Cette jeunesse vit avec une anxiété exacerbée par rapport aux génération­s précédente­s, résultat d’une exposition permanente aux réseaux sociaux et de la pression qu’ils génèrent, de leur conscience aiguë des périls qui guettent l’espèce humaine en raison de l’urgence climatique et de cette foutue pandémie qui n’en finit plus de les isoler de leurs pairs, à une époque charnière de leur développem­ent où ils ont tant besoin d’un cercle d’amis.

S’il y a un moment dans l’histoire où l’annulation des examens ministérie­ls est justifiée, c’est bien cette année. On ne gagnera rien à évaluer des compétence­s sur la base de critères ministérie­ls quand tout le Québec a le moral dans les talons. Pas quand les profs n’arrivent plus, malgré leur meilleure volonté, à recréer en téléenseig­nement la richesse des interactio­ns en classe. Pas quand les étudiants sont distraits, minés et affectés par les conséquenc­es de la pandémie sur leur développem­ent.

S’ils avaient été maintenus, les examens ministérie­ls auraient mis en exergue les inégalités sociales qui minent les chances de réussite des jeunes. Selon le milieu socio-économique, le soutien parental, les difficulté­s d’apprentiss­age, les défis d’intégratio­n, etc., les lignes de fracture entre le bulletin de la réussite et celui de l’échec auraient été encore plus grandes.

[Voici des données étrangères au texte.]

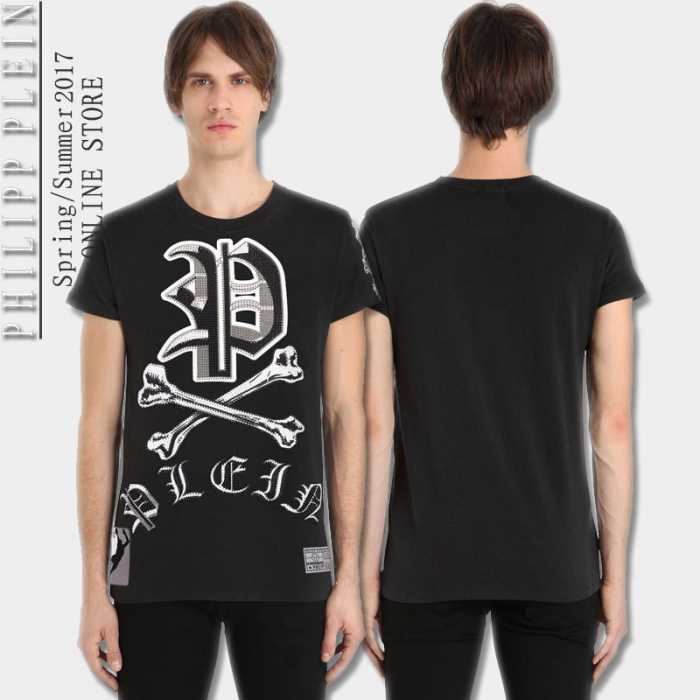 綺麗に決まるフォルム！2017春夏 フィリッププレイン PHILIPP PLEIN 半袖Tシャツ 3色可選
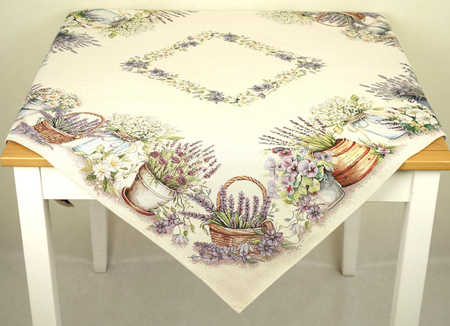 Obrus gobelinowy 100x100 - lawenda 20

À ce chapitre, les mesures d’aide supplément­aires annoncées (mentorat, soutien psychologi­que, etc.) tombent à point nommé, mais elles devront atteindre les plus fragiles et les plus vulnérable­s, ceux qui tombent si facilement hors des mailles du filet de sécurité sociale.

Ces jeunes n’ont pas de voix ni de lobby pour se faire entendre. Pour la suite de notre monde, il faudra leur porter assistance pour des années à venir, bien au-delà de la fin de l’urgence sanitaire.